(Captioned web image data)
--------

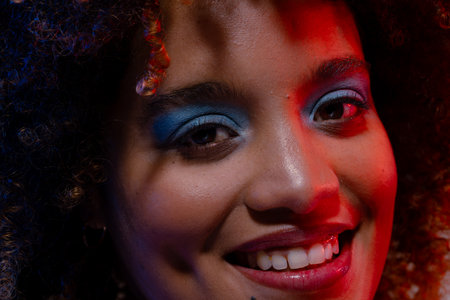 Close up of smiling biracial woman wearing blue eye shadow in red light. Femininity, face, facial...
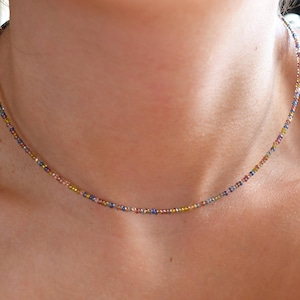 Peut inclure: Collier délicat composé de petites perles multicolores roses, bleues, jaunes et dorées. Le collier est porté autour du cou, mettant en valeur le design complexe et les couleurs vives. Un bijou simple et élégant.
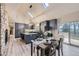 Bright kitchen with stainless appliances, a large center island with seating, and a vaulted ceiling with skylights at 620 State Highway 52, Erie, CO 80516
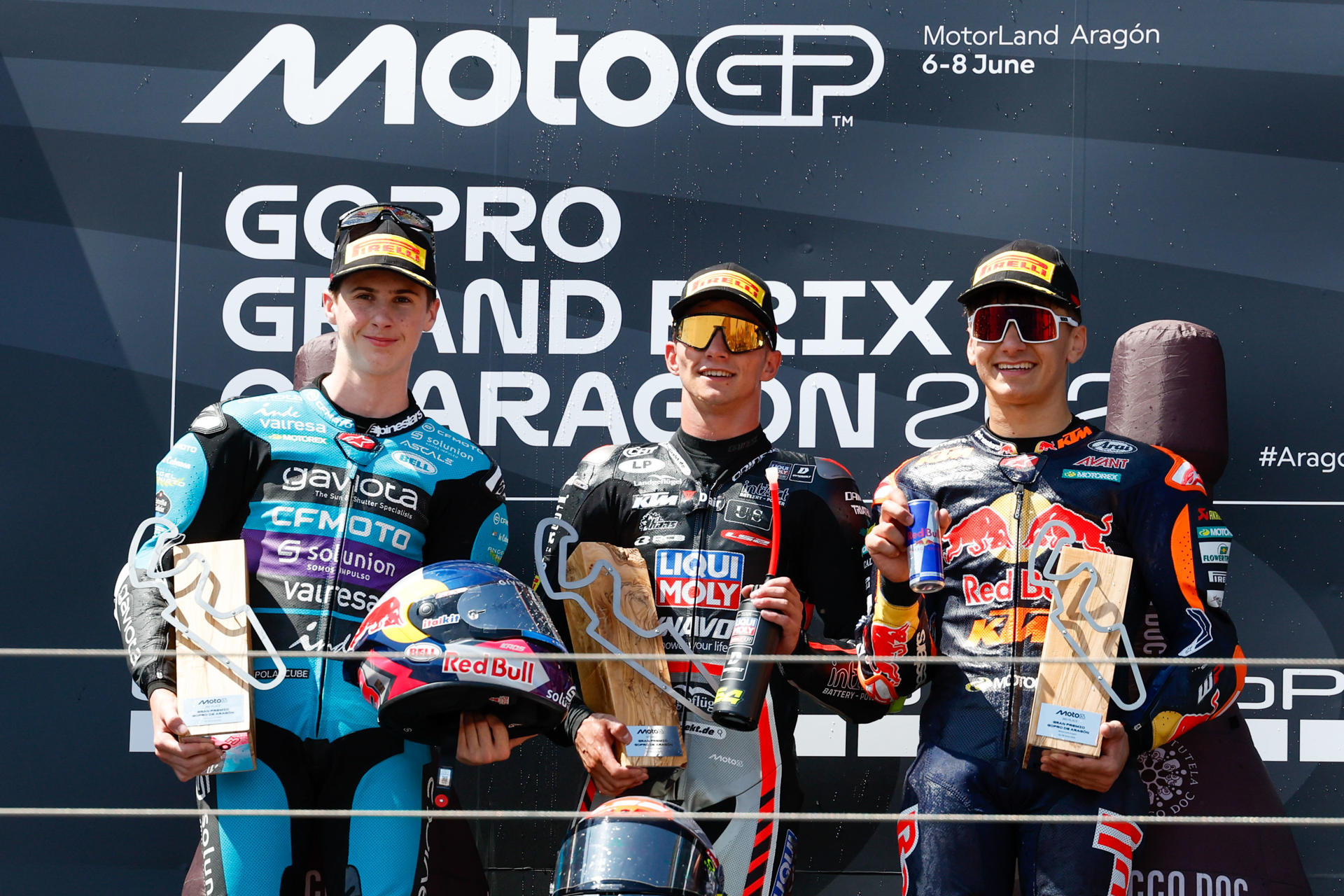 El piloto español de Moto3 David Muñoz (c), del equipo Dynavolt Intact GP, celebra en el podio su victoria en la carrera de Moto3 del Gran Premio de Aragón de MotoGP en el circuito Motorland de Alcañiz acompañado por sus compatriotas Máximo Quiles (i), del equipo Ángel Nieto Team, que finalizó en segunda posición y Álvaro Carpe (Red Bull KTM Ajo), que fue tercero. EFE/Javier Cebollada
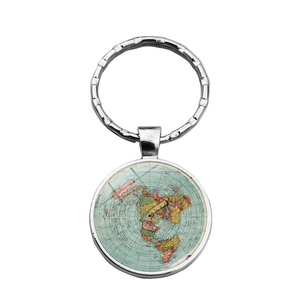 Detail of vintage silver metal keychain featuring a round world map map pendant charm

--------

§ Goal of the exercise
The records above are to be restated exactly, without their pictures.

§ Task output
 Close up of smiling biracial woman wearing blue eye shadow in red light. Femininity, face, facial...
 Peut inclure: Collier délicat composé de petites perles multicolores roses, bleues, jaunes et dorées. Le collier est porté autour du cou, mettant en valeur le design complexe et les couleurs vives. Un bijou simple et élégant.
 Bright kitchen with stainless appliances, a large center island with seating, and a vaulted ceiling with skylights at 620 State Highway 52, Erie, CO 80516
 El piloto español de Moto3 David Muñoz (c), del equipo Dynavolt Intact GP, celebra en el podio su victoria en la carrera de Moto3 del Gran Premio de Aragón de MotoGP en el circuito Motorland de Alcañiz acompañado por sus compatriotas Máximo Quiles (i), del equipo Ángel Nieto Team, que finalizó en segunda posición y Álvaro Carpe (Red Bull KTM Ajo), que fue tercero. EFE/Javier Cebollada
 Detail of vintage silver metal keychain featuring a round world map map pendant charm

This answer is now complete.